Given information below:
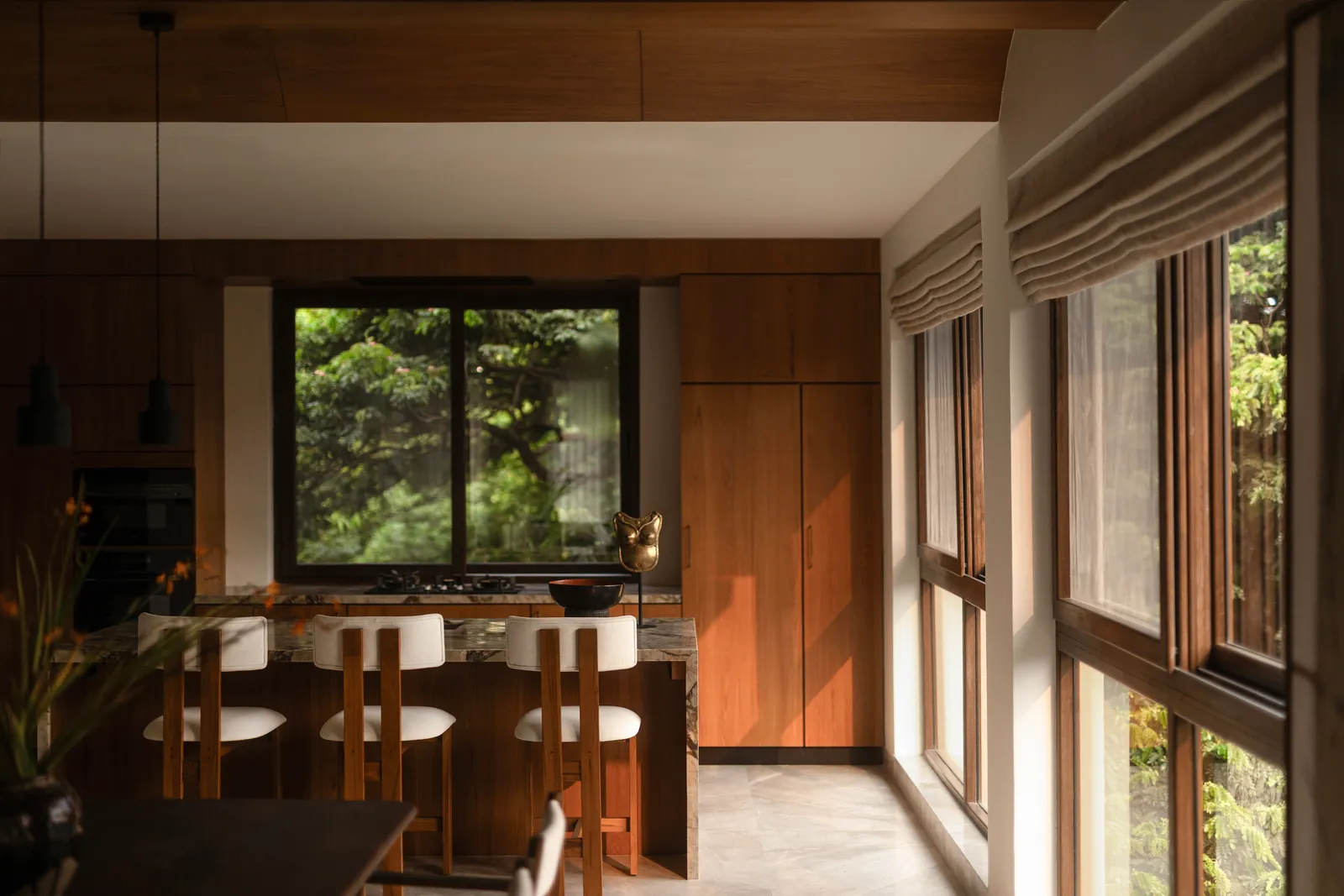 The dining nook framed by riverfront windows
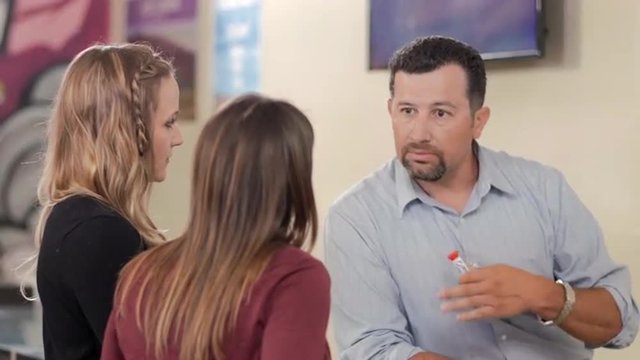 An associate at a recreational marijuana shop talking to female customers about a product
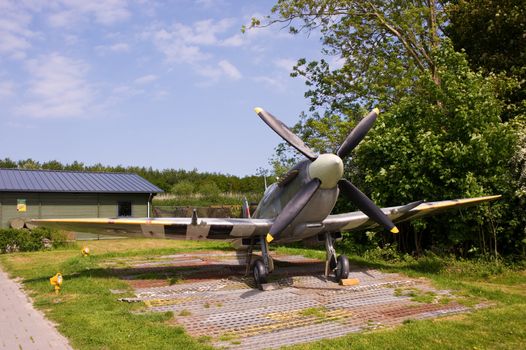 Tied down British Supermarine Spifire in front of shack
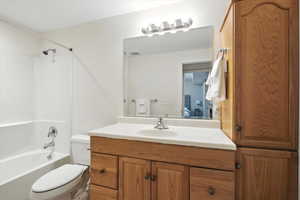 Full bathroom with bathing tub / shower combination and vanity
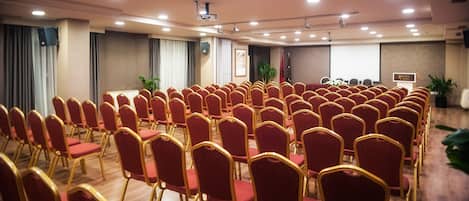 A conference room with rows of red chairs and a podium.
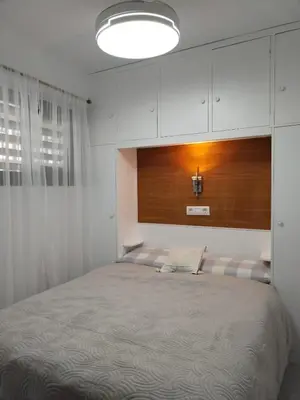 a bedroom with a large bed with a wooden headboard at Ático Playa Cullera in Cullera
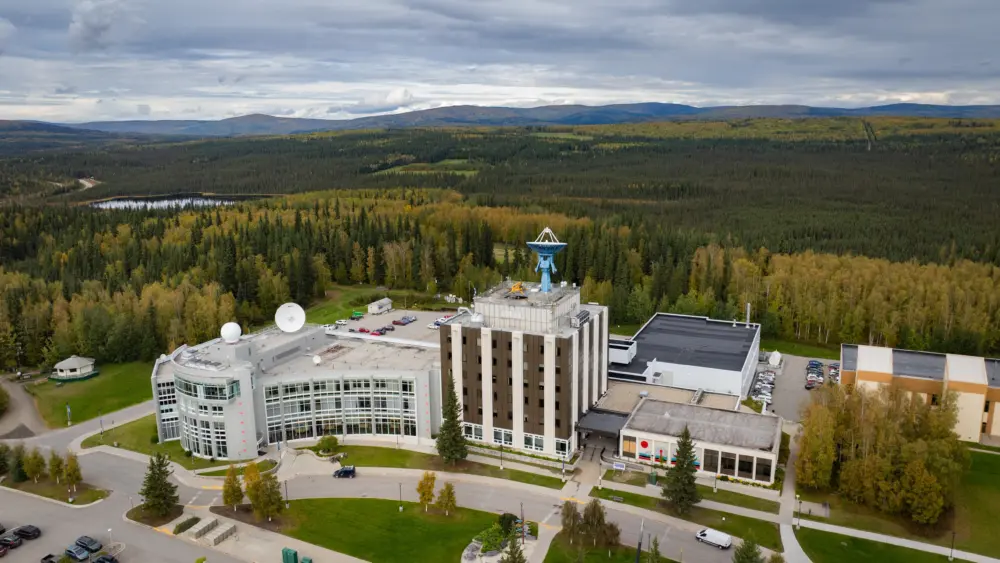The C.T. Elvey Building, center, is home to the University of Alaska Fairbanks Geophysical Institute. At left in this 2025 photograph is the Syun-Ichi Akasofu Building, which houses many Geophysical Institute researchers, including those of the Alaska Center for Unmanned Aircraft Systems Integration. The Akasofu Building is also home to another UAF research unit, the International Arctic Research Center. Photo by Eric Marshall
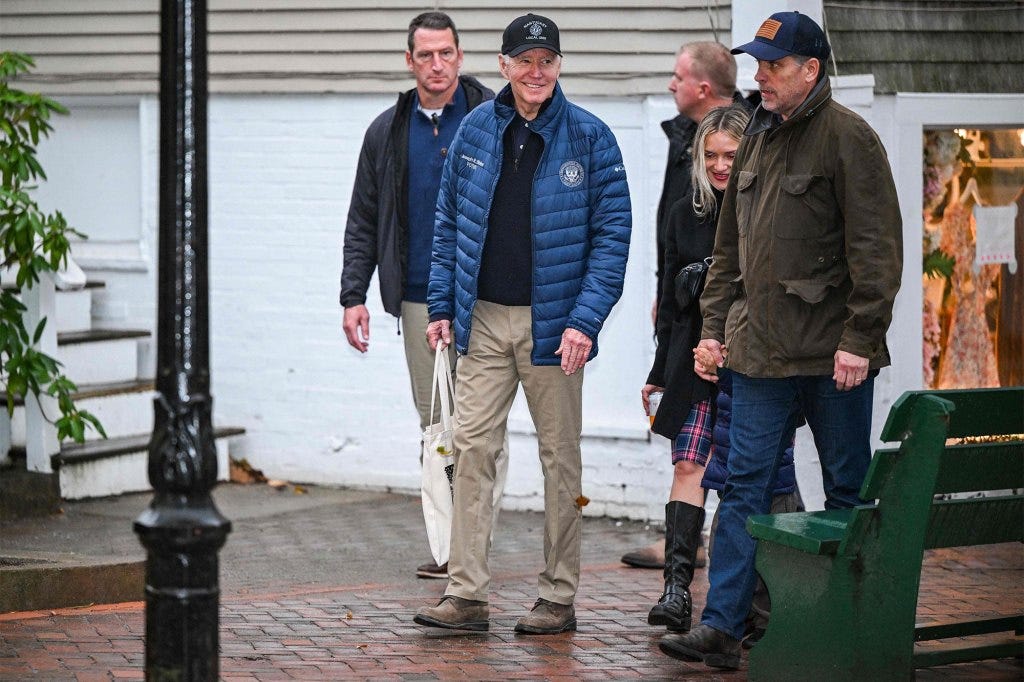 Joe Biden walks with Hunter Biden and his wife Melissa Cohen after having lunch in Nantucket, Massachusetts on Nov. 25, 2022.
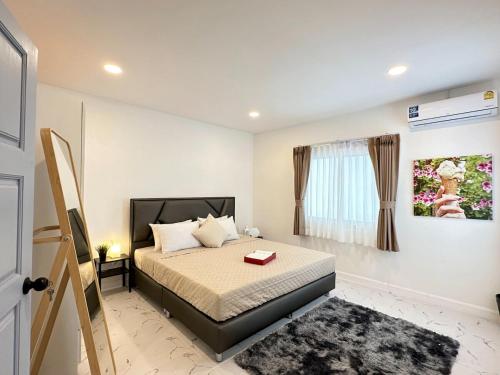 Un dormitorio pequeño con una cama y una ventana. en liwei cozy pool villa, en Pattaya South
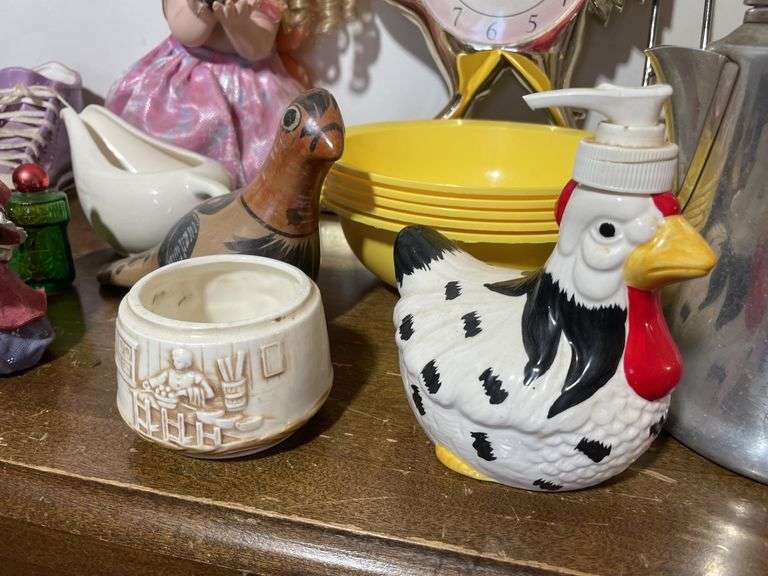 Box of decorative items including rooster clock, butterfly wall hanger, soap dispenser, kitchen item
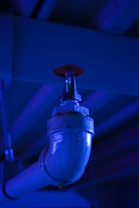 A close-up view of a metallic industrial pipe leading to a sprinkler or nozzle, illuminated by a blue light. The pipe has a shiny surface and connects to a red circular component mounted under a ceiling with a ribbed structure.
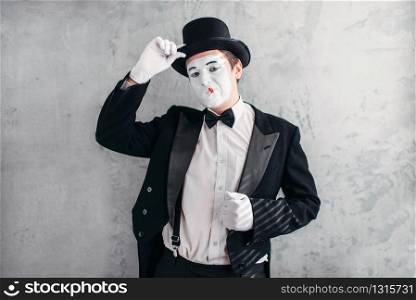 Funny comedy actor with makeup face. Pantomime in suit, gloves and hat. April fools day concept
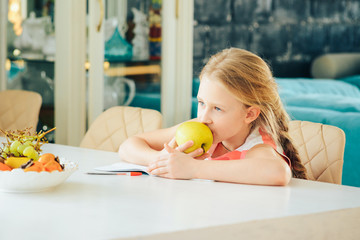 a little girl at the table with a notebook, doing homework and decided to eat a fresh Apple.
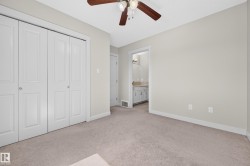 Neutral-toned carpeting throughout this room, featuring a ceiling fan with integrated lighting - 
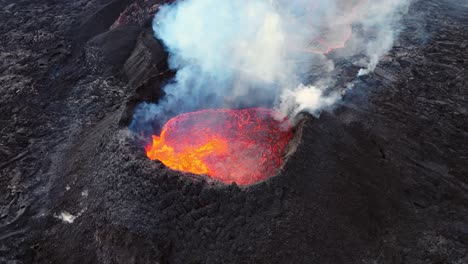 Smoking-erupting-volcano-with-red-hot-lava-in-black-volcanic-landscape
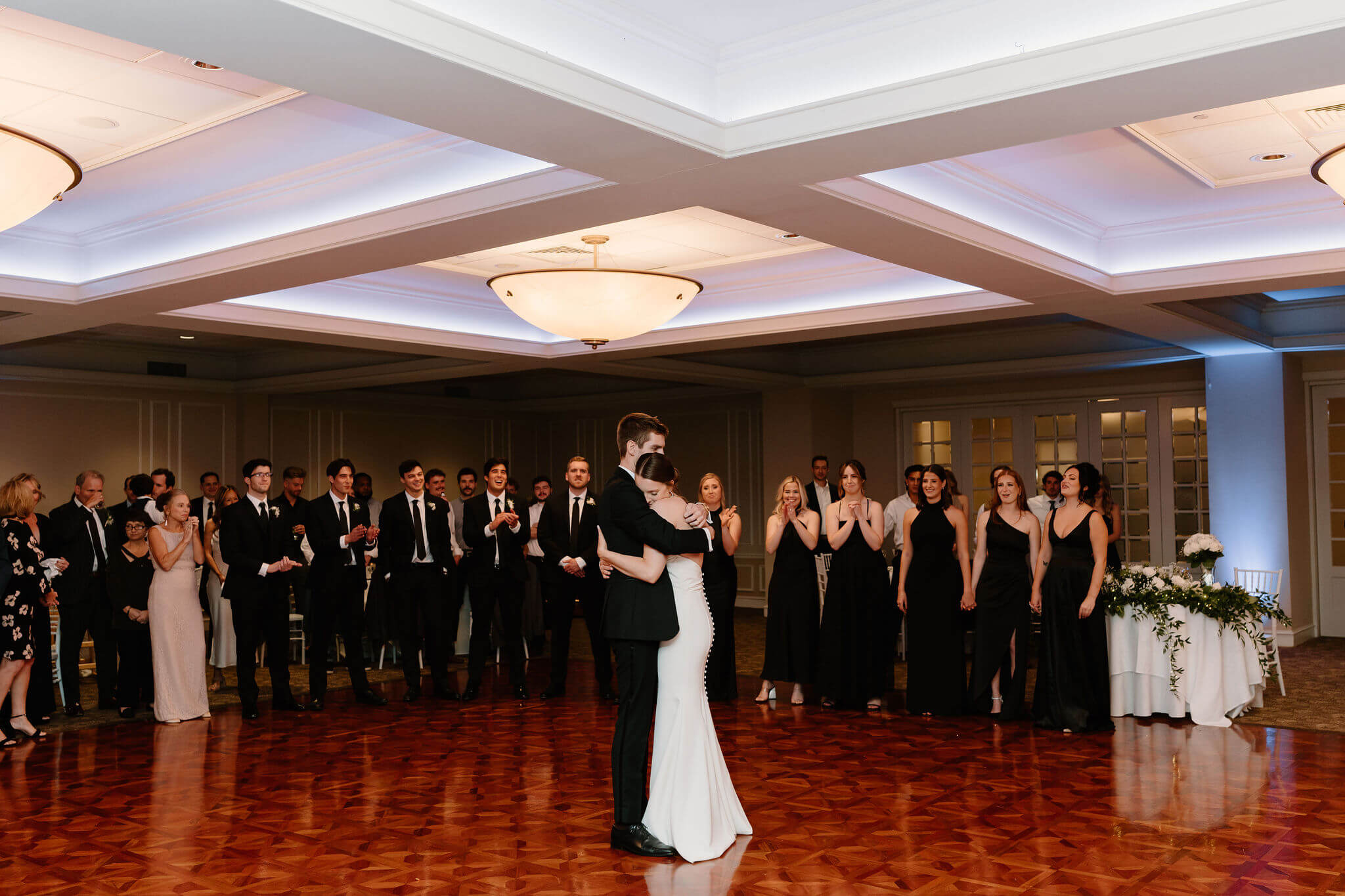 bride and groom embracing closely during their first dance, with their wedding party watching behind them.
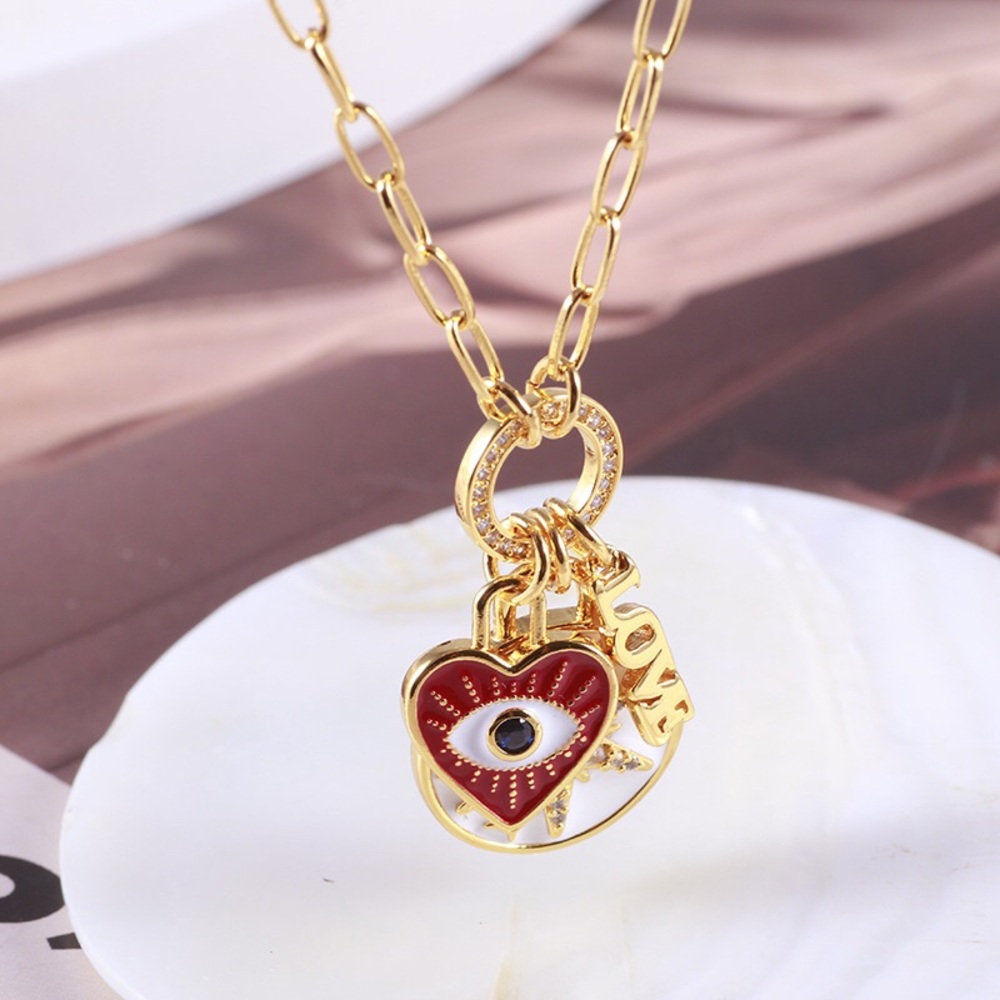 Kate Spade Enamel Starburst Disc Necklace with Heart and Evil Eye Design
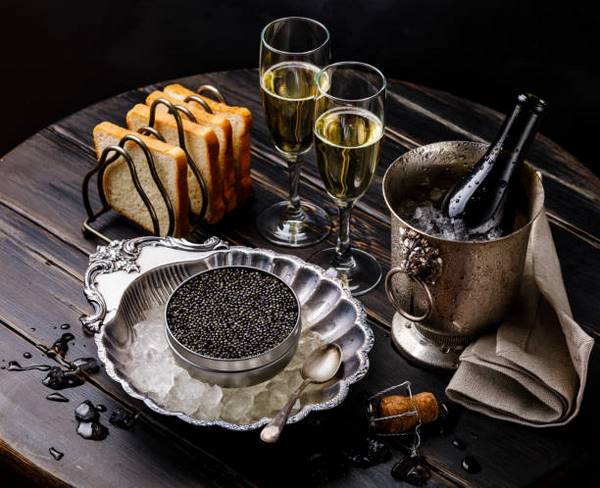 toasted bread bowl of caviar and glasses with champagne on table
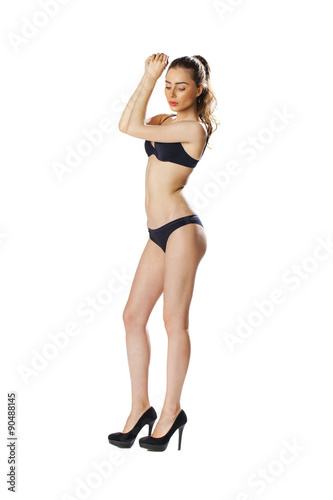Full length portrait of a beautiful young model in black bikini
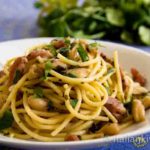 Spaghetti with herbs, bacon and dried beans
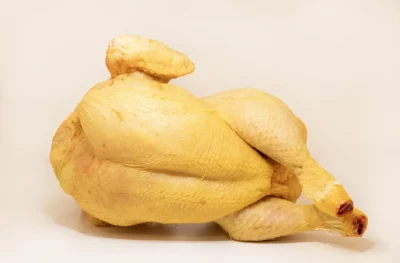 Un pollo entero dorado y crujiente servido en una bandeja con guarnición de patatas y verduras.
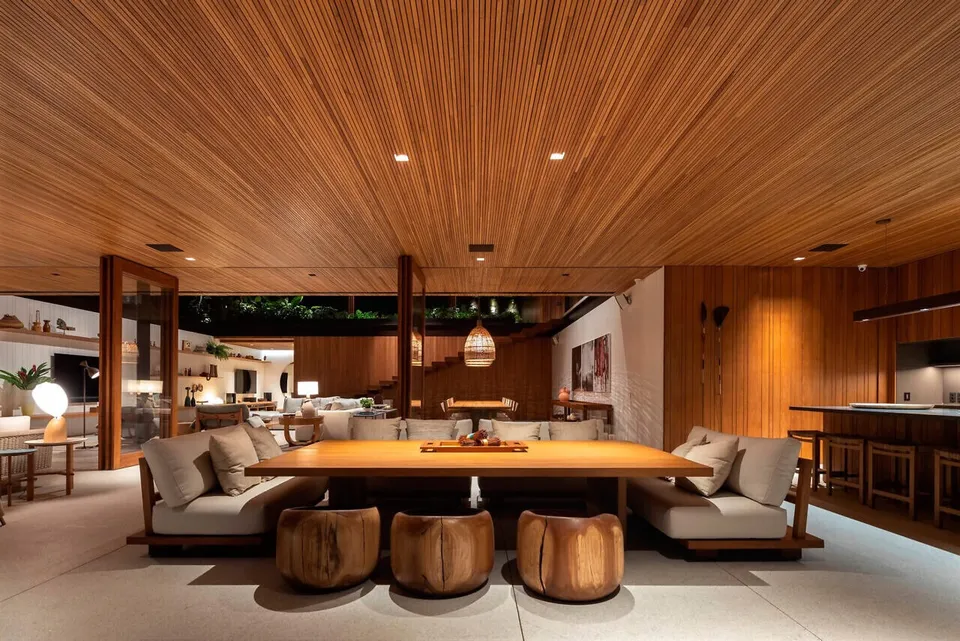 Wood ceiling extending over a furnished dining and living area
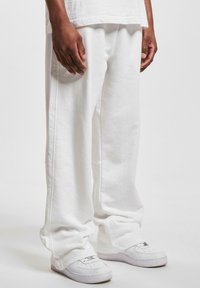 Hvide sweatpants lavet af blød bomuld, med et afslappet fit, sidelommer og enkle sømdetaljer, parret med hvide sneakers.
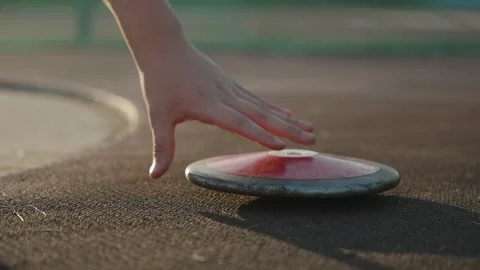 An athlete's hand picks up a close-up of a throwing disc from the floor Stock Footage 320393255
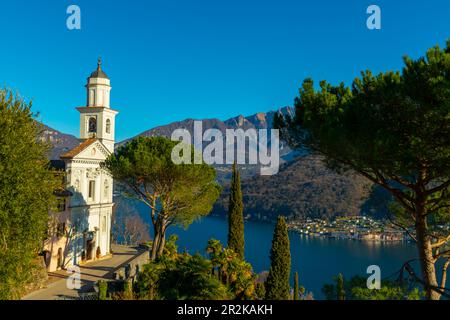 Die Kirche der Heiligen Fedele und Simone und der Luganersee mit dem Berg an einem sonnigen Tag in Vico Morcote, Tessin in der Schweiz. Stockfoto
End of Given information.
Task directions —
Exact repeats of the lines from the first one in the data through the line containing "A conference room" make up the answer. Pictures do not.

Response below —
 The dining nook framed by riverfront windows
 An associate at a recreational marijuana shop talking to female customers about a product
 Tied down British Supermarine Spifire in front of shack
 Full bathroom with bathing tub / shower combination and vanity
 A conference room with rows of red chairs and a podium.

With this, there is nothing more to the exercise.